■ **WHAT NEEDS TO BE DONE**
Reproduce verbatim the lines of the material below, starting at the line with "Cosulet Auto pentru" and ending at the line with "2Pcs Portable Handheld", both inclusive; skip the rest.
[[ SUPPLIED MATERIAL open ]]
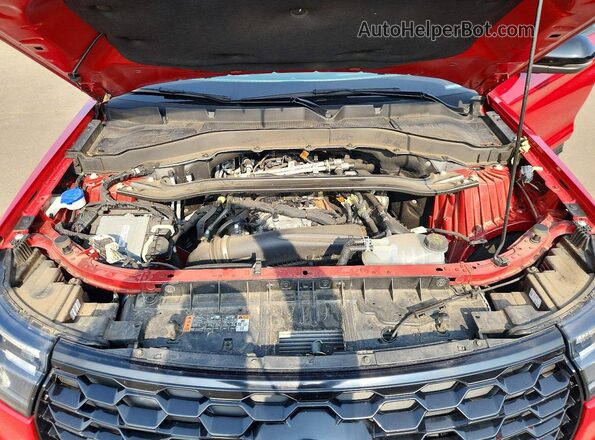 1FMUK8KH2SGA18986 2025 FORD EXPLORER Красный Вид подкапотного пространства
[[ SUPPLIED MATERIAL closed ]]
[[ SUPPLIED MATERIAL open ]]
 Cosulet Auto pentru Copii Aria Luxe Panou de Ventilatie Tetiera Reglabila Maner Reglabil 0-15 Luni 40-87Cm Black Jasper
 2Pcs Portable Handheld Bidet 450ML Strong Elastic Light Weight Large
[[ SUPPLIED MATERIAL closed ]]
■ **ANSWER TO THIS EXERCISE**
 Cosulet Auto pentru Copii Aria Luxe Panou de Ventilatie Tetiera Reglabila Maner Reglabil 0-15 Luni 40-87Cm Black Jasper
 2Pcs Portable Handheld Bidet 450ML Strong Elastic Light Weight Large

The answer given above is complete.